I used to be scared of talking about my endometriosis. My greatest sadness, and probably the most costly to my sanity, was this self-inflicted shame. I didn’t know how to talk about what I was feeling without having a name for it, and so I stopped talking about it altogether.
Endo might be an “invisible disease,” but that should not mean that those of us who have it must also become invisible. It’s important to talk about it, to destigmatize pelvic pain, and to look toward solutions. Beating Endo is a way to start that conversation, not just to educate those of us with endo about how to survive it, but also to educate our friends, partners, and families. The more people know, the less stigma there is, and the less stigma there is, the more of us will be able to beat endo.
I watched my husband back out of our driveway as our little chestnut-haired boy waved from the back seat of the car. “I’m sorry you are hurting again, Mommy—I’m sorry you have to miss the baseball game,” he said. “We’ll call you when the Dodgers score.”

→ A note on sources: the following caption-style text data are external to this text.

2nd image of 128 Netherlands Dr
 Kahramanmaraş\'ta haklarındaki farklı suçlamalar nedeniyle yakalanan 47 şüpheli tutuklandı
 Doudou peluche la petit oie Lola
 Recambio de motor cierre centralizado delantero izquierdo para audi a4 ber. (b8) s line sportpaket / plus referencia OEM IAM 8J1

And just like that . . . the car made its way down the cherry-blossomed street without me, once again.
I kept waving to my son and husband, while desperately clutching the bright red hot water bottle tucked into the waistband of my sweatpants. It was another month and another horrible, terrible, god-awful menstrual period.
I had become so reliant, so sickly dependent, on my almost a dozen heating pads and water bottles, I couldn’t imagine going anywhere without them. They provided temporary relief from my painful cramps but couldn’t soothe my confused head and broken heart. I was sick and tired of hurting. How many more games, practices, ski trips, teacher conferences, birthday parties, weddings, and date nights was I going to miss from this otherworldly pain? Was there no end to this torture?

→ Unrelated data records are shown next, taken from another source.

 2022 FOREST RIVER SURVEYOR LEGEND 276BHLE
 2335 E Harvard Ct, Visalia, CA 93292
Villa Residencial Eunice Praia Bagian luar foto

At forty-seven years old, I was turning into the frog submerged in boiling water. The frog sits and sits as the heat is turned up 5 degrees every day until one day it realizes it’s about to become the soup du jour.
Like the frog, I just kept rising up—raising the ceiling for dealing with my pain until I was absolutely boiling over.

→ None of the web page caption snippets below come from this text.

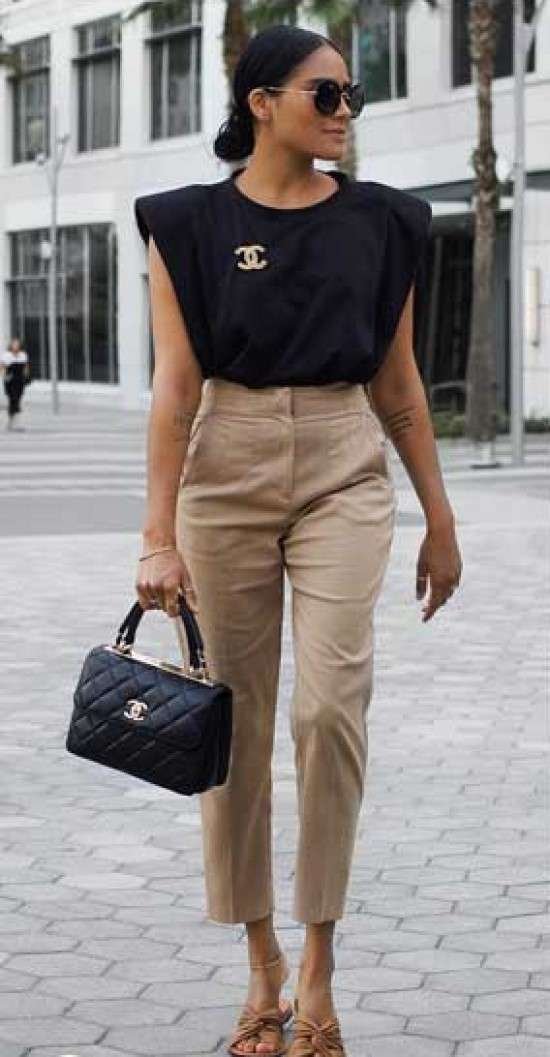 Look com broche.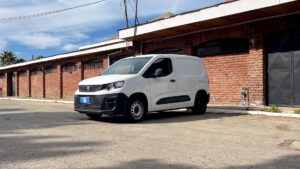 PEUGEOT PARTNER 2023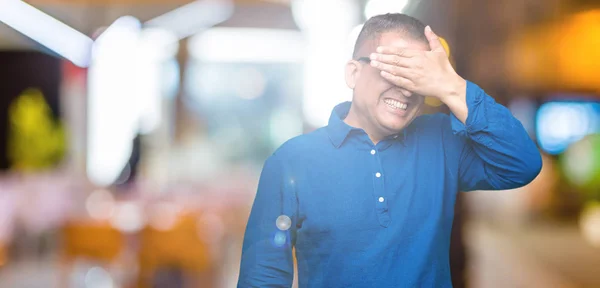 Homem Árabe Meia Idade Usando Óculos Sobre Fundo Isolado Sorrindo — Fotografia de Stock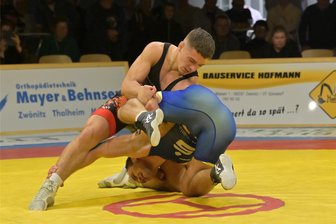 Thalheimer Coach dämpft die Erwartungen - Auf Dennis Aleksandryuk (links) müssen die Thalheimer im Limit bis 75 Kilo ab sofort verzichten – der Freistiler geht künftig für Markneukirchen auf die Matte.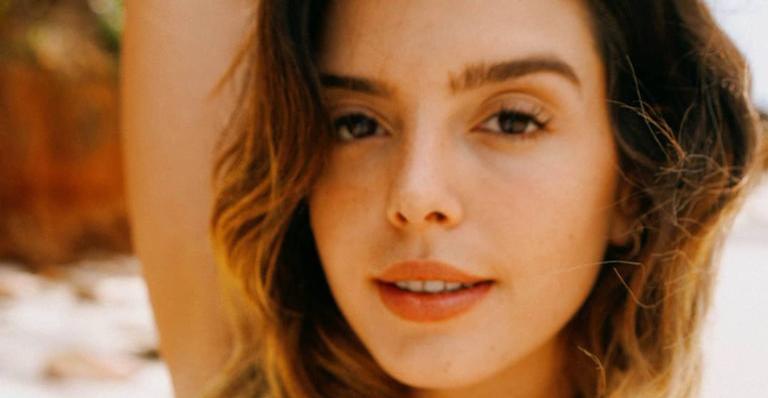 Giovanna Lancellotti posa usando máscara e mostra expectativa x realidade: ”Que mulher”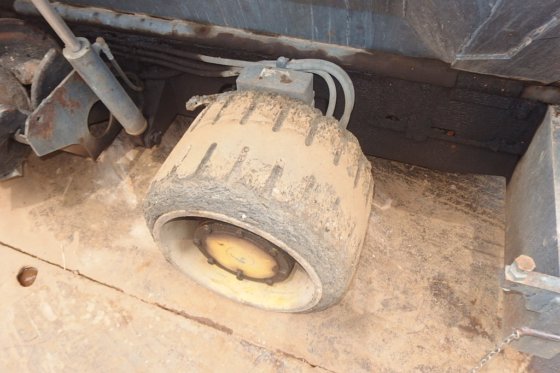 2003年住友沥青饰面机 ha44w-5 -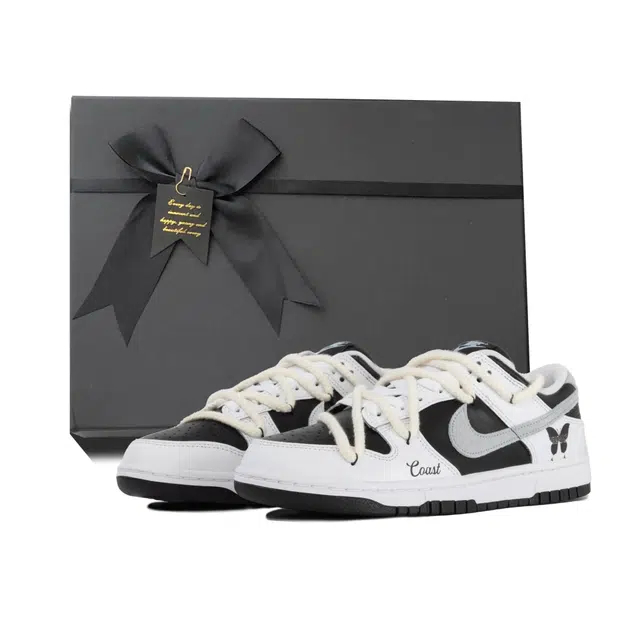 Nike Dunk Reverse Panda 2.0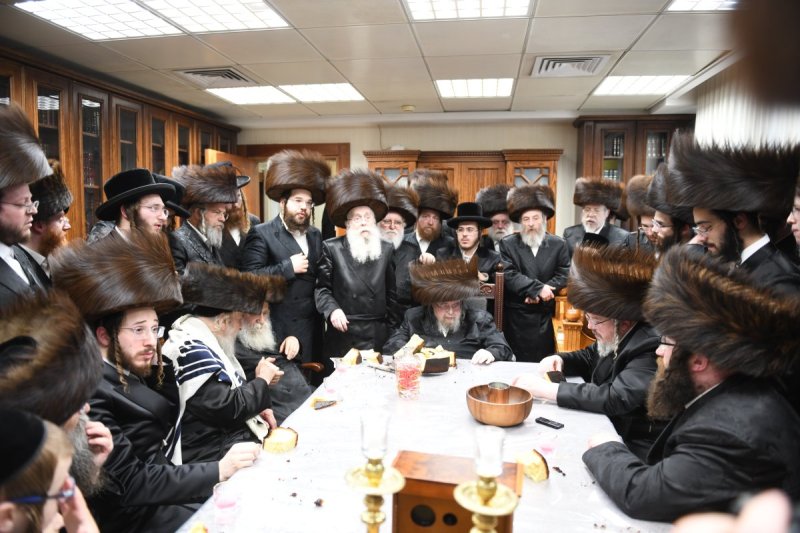 אנשיל בעק וא.מ.ש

My rock bottom came when I was driving my mom and son around Melrose Avenue in Los Angeles. We’d just finished a cake-decorating class and were reliving every delicious detail. As we laughed and joked about our fondant and icing trays, I suddenly felt a strong jolt in my right side. Holy God! This was debilitatingly painful. Like a fierce electric shock.
I had to pull over, stomach throbbing, because of an INSANE amount of pressure in my right abdomen. Yanking the car over to a side street, I hobbled out and collapsed in the grass of someone’s front yard. It was a small, beige-brick 1970s house. I couldn’t help but look in the window and see a nice family sitting down to a chicken lunch. I was wiggling in their front yard, ten feet away from where they were eating. They stared at me in horror—like I was a crazy person.
I grabbed my stomach. Something was bursting in my right side and I could not breathe. I was so embarrassed but in so much pain. My mom ran over to me, and through a panicky breath said, “Come on, honey. I’m driving you to the emergency room. Cedars is five minutes away.”